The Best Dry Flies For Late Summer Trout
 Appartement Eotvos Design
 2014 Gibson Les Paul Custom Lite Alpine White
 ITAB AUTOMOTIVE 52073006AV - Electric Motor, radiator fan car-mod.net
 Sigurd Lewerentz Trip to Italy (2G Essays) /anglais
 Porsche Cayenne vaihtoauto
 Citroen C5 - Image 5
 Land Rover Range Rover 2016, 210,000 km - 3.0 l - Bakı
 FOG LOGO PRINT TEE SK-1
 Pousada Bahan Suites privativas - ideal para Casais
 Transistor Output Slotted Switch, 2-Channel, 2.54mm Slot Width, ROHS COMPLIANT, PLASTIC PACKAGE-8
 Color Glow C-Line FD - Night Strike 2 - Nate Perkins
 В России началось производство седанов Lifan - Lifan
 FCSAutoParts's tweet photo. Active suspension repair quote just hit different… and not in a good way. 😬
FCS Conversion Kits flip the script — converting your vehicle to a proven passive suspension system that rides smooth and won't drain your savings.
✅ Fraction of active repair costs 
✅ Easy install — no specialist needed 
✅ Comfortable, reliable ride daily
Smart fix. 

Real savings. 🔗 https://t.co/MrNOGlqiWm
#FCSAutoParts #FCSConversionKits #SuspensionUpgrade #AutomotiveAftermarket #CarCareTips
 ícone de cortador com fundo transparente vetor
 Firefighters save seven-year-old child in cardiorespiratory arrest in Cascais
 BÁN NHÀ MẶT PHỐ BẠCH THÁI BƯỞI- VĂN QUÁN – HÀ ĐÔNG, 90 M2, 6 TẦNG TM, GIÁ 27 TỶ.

----------------

Directions for this task | Reproduce exactly the lines running from the one with "Porsche Cayenne vaihtoauto" to the last line of the listing above. Add nothing else.

Result of this exercise |
 Porsche Cayenne vaihtoauto
 Citroen C5 - Image 5
 Land Rover Range Rover 2016, 210,000 km - 3.0 l - Bakı
 FOG LOGO PRINT TEE SK-1
 Pousada Bahan Suites privativas - ideal para Casais
 Transistor Output Slotted Switch, 2-Channel, 2.54mm Slot Width, ROHS COMPLIANT, PLASTIC PACKAGE-8
 Color Glow C-Line FD - Night Strike 2 - Nate Perkins
 В России началось производство седанов Lifan - Lifan
 FCSAutoParts's tweet photo. Active suspension repair quote just hit different… and not in a good way. 😬
FCS Conversion Kits flip the script — converting your vehicle to a proven passive suspension system that rides smooth and won't drain your savings.
✅ Fraction of active repair costs 
✅ Easy install — no specialist needed 
✅ Comfortable, reliable ride daily
Smart fix. 

Real savings. 🔗 https://t.co/MrNOGlqiWm
#FCSAutoParts #FCSConversionKits #SuspensionUpgrade #AutomotiveAftermarket #CarCareTips
 ícone de cortador com fundo transparente vetor
 Firefighters save seven-year-old child in cardiorespiratory arrest in Cascais
 BÁN NHÀ MẶT PHỐ BẠCH THÁI BƯỞI- VĂN QUÁN – HÀ ĐÔNG, 90 M2, 6 TẦNG TM, GIÁ 27 TỶ.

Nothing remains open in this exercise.